Beschränkte Abziehbarkeit von Kinderbetreuungskosten ist verfassungsgemäß
BFH 9.2.2012, III R 67/09Die Kläger sind Eheleute, die im Streitjahr 2006 zusammen zur Einkommensteuer veranlagt wurden. Der Kläger war ganzjährig nichtselbständig beschäftigt. Die Klägerin war wegen des Mutterschutzes teilweise berufstätig. Eines der beiden Kinder besuchte einen Kindergarten. Dem Kläger erwuchsen daraus Betreuungskosten i.H.v. 837 €. Bei der Festsetzung der Einkommensteuer berücksichtigte das Finanzamt erwerbsbedingte Kinderbetreuungskosten von zwei Dritteln der getätigten Aufwendungen (558 €). Auch das FG entsprach nicht dem Begehren der Kläger, die Betreuungskosten in voller Höhe wie Werbungskosten abzuziehen.

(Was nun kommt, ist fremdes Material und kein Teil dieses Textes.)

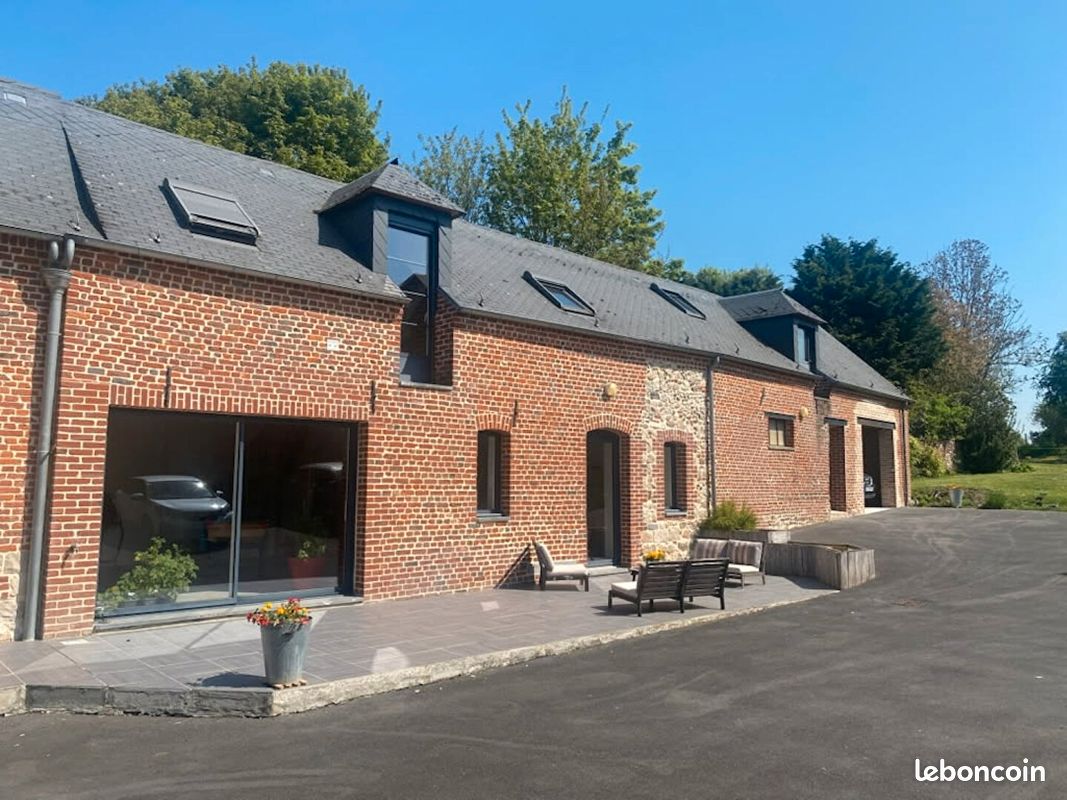 Maison 10 pièces 278 m² · à Vendegies-sur-Écaillon · 278 m² · 432 000 €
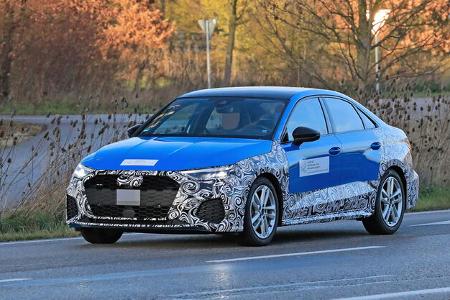 Erlkönig Audi A3 Limousine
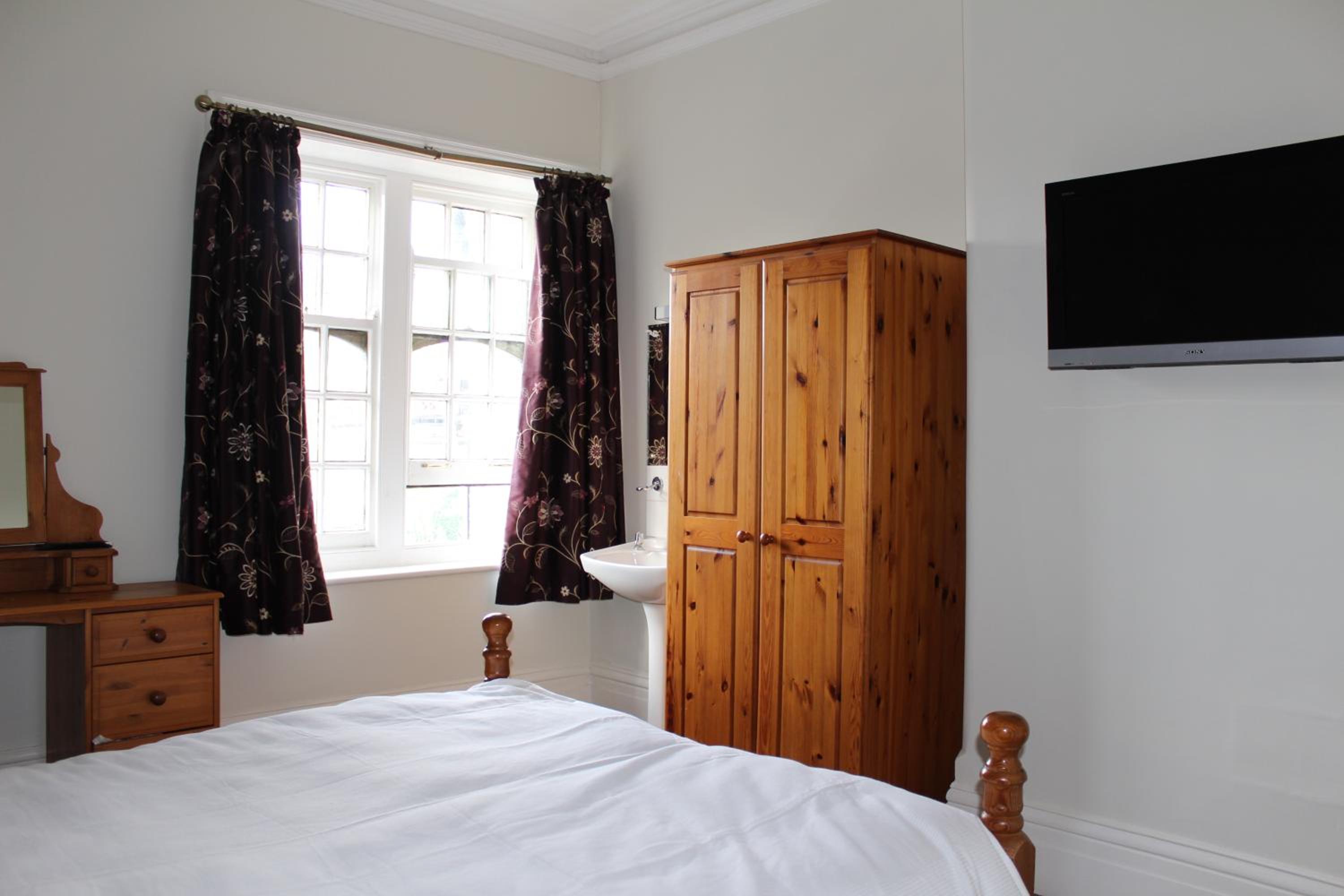 Double Room with Shared Bathroom photo 2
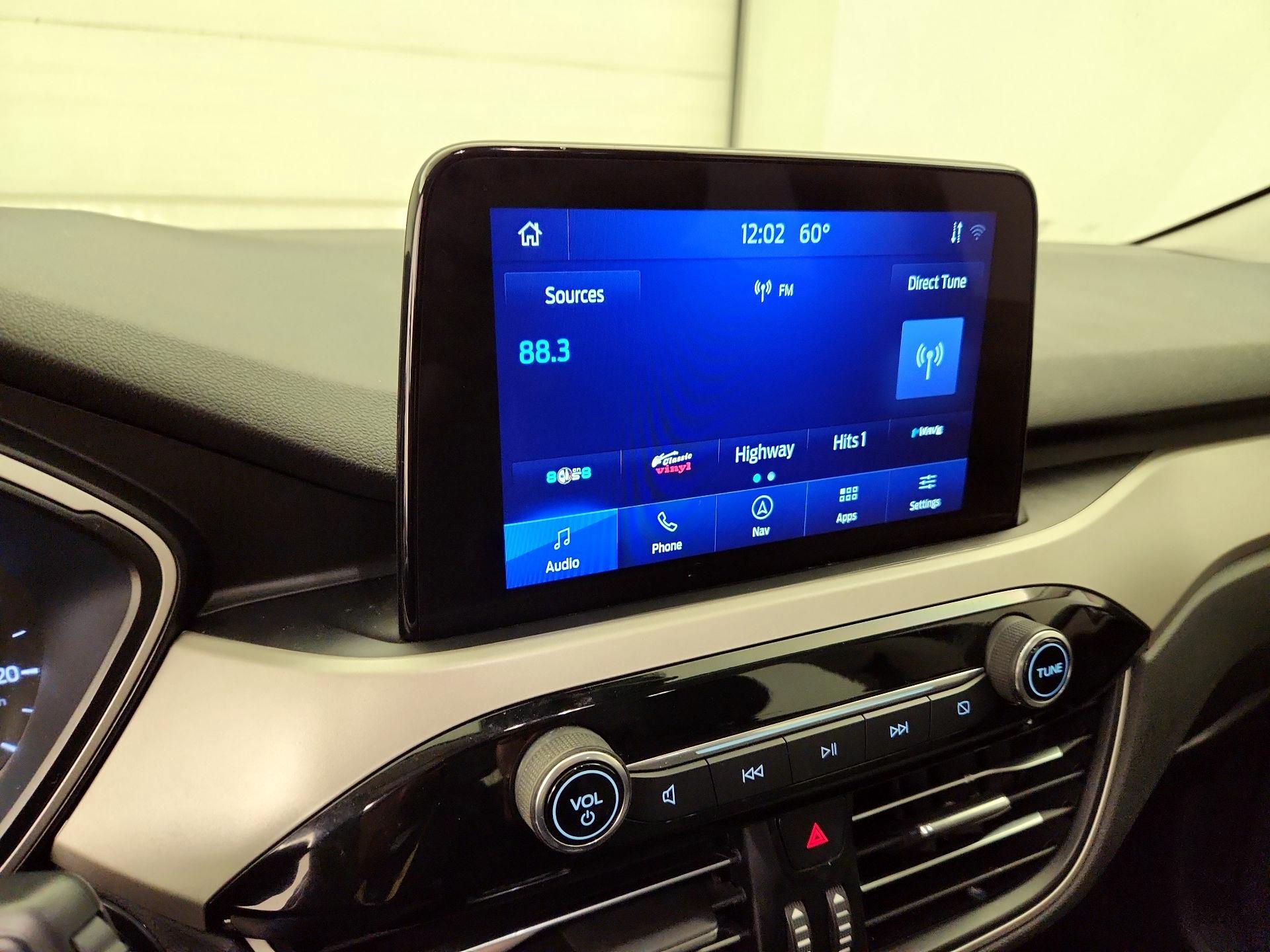 Thumbnail: 2021 Ford Escape - 15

Die Kläger waren der Ansicht, die in § 9 Abs. 5 S. 1 EStG i.V.m. § 4f S. 1 EStG vorgesehene doppelte Einschränkung der Abziehbarkeit auf zwei Drittel der Aufwendungen und einen Höchstbetrag von 4.000 € sei weder durch einen sachlichen Grund gerechtfertigt noch mit dem objektiven Nettoprinzip in Einklang zu bringen. Das BVerfG habe die um die zumutbare Eigenbelastung gekürzte Abziehbarkeit der Betreuungskosten als verfassungswidrig beurteilt. Demzufolge sei auch die Kürzung um ein Drittel verfassungswidrig.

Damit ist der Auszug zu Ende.